KS patients had a higher proportion of CD28- CD4 cells than people without KS (median 9.1% versus 4.8%, age-adjusted p=0.03). And people with KS had a higher proportion of CD28- CD8 cells (median 60.5% versus 51.3%, age-adjusted p=0.044).

Naive (CD27+CD28+CD45RA+) CD8-cell proportions were lower in people with KS than in those without KS (median 11.3% versus 20.7%, age-adjusted p=0.022). And there was a trend toward lower frequency of naive CD4 cells in the KS group (median 23.0% versus 32.2%, age-adjusted p=0.11).

Telomere length did not differ between the people with versus without KS. (Telomeres are the end regions of human DNA that protect the chromosome from deterioration.

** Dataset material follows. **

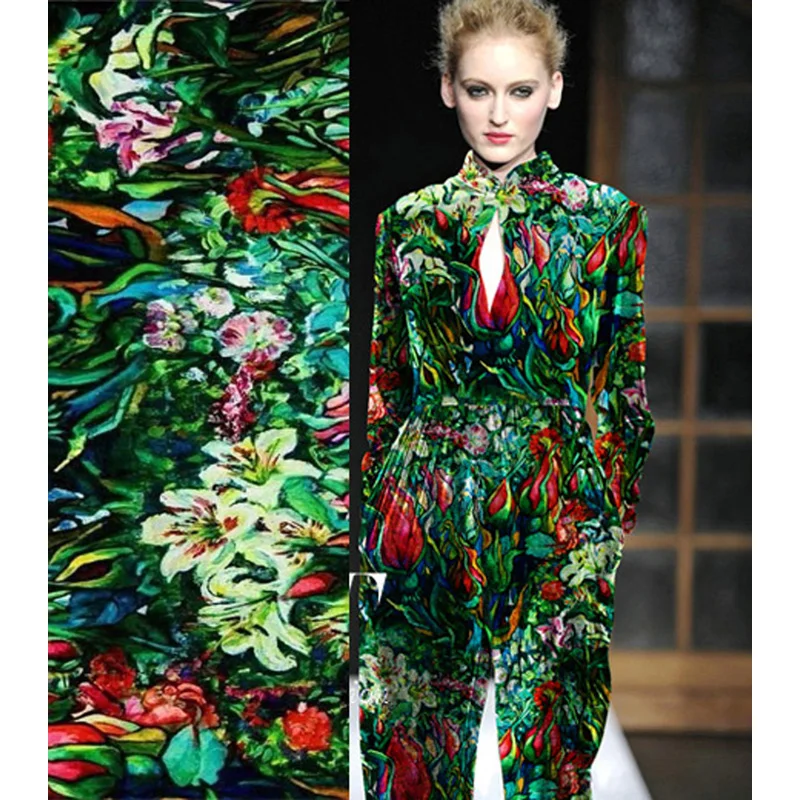 Шелковая ткань эластичная с зелеными цветами 97% для осени и зимы ткани шитья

Telomere shortening in humans can induce replicative senescence and block cell division.)

The UCSF team suggested that elevated populations of immunosenescent T cells and a shallow naive T-cell pool provide “strong evidence that immunosenescence is associated with presence of KS in these individuals, in spite of their undetectable viral loads and relatively high CD4 counts.” What the study does not explain, workshop cochair Charles Flexner observed, is how much HIV versus KSHV (the herpesvirus that causes KS) may be driving immunosenescence.

References:

  1. Unemori P, Leslie KSL, Hunt PH, et al. T-cell immunosenescence is associated with the presence of Kaposi’s sarcoma in antiretroviral treated human immunodeficiency virus infected persons. 1st International Workshop on HIV and Aging. 4-5 October 2010. Baltimore. Abstract O_02.